● **Provided data**:
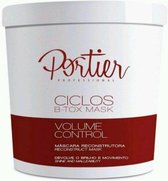 Portier Ciclos Haarbotox Haarmasker steil&gezond haar 1kg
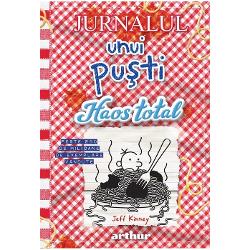 C&259;r&539;ile din seria Jurnalul unui pu&537;ti s-au vândut în peste 290 de milioane de exemplare în toat&259; lumeaPresiunea e tot mai mare pentru Greg Heffley care afl&259; c&259; atunci când pui laolalt&259; multe rubedenii o cas&259; mic&259; de vacan&539;&259; &537;i c&259;ldur&259; în&259;bu&537;itoare ob&539;ii o re&539;et&259; pentru dezastruApropo de re&539;ete ingredientele secrete din faimoasele chiftele ale 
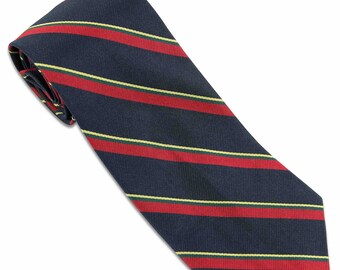Royal Marines Tie (Silk)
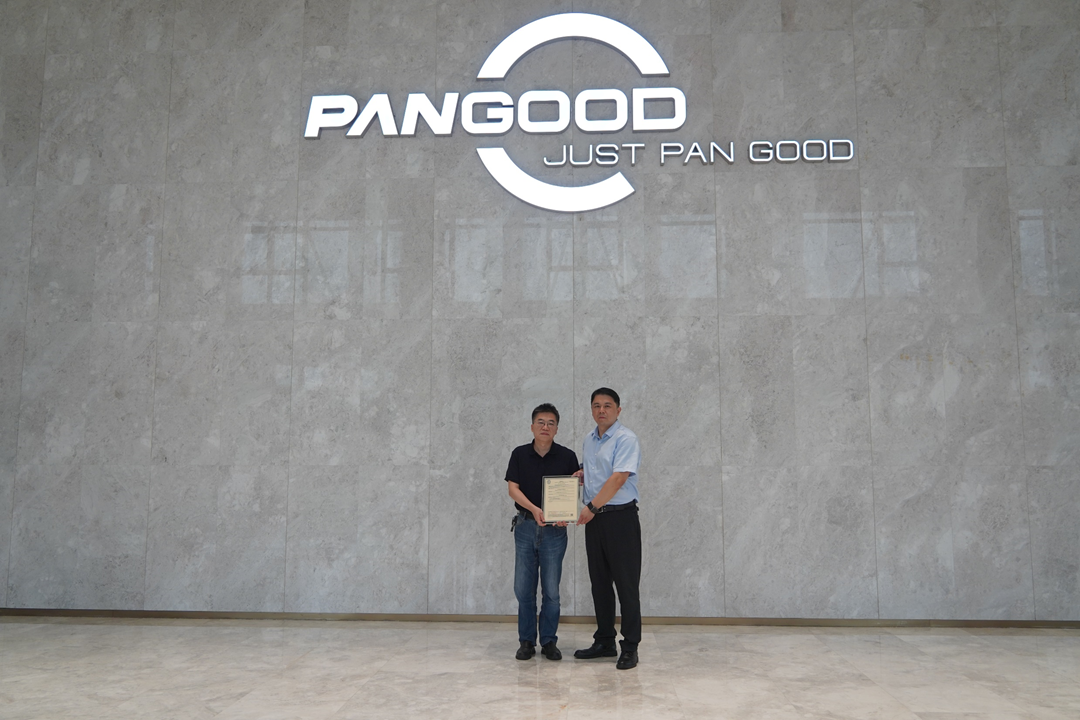 Authoritative Certification Empowers Win-Win Collaboration | China Classification Society and Shipbuilding Enterprises Visit PanGood for Certification Ceremony and Strategic Signing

● **The task**:
From the line containing "C&259;r&539;ile din seria" to the end of the listing, restate each line word for word and nothing more; the pictures stay out.

● **Problem solution**:
 C&259;r&539;ile din seria Jurnalul unui pu&537;ti s-au vândut în peste 290 de milioane de exemplare în toat&259; lumeaPresiunea e tot mai mare pentru Greg Heffley care afl&259; c&259; atunci când pui laolalt&259; multe rubedenii o cas&259; mic&259; de vacan&539;&259; &537;i c&259;ldur&259; în&259;bu&537;itoare ob&539;ii o re&539;et&259; pentru dezastruApropo de re&539;ete ingredientele secrete din faimoasele chiftele ale 
Royal Marines Tie (Silk)
 Authoritative Certification Empowers Win-Win Collaboration | China Classification Society and Shipbuilding Enterprises Visit PanGood for Certification Ceremony and Strategic Signing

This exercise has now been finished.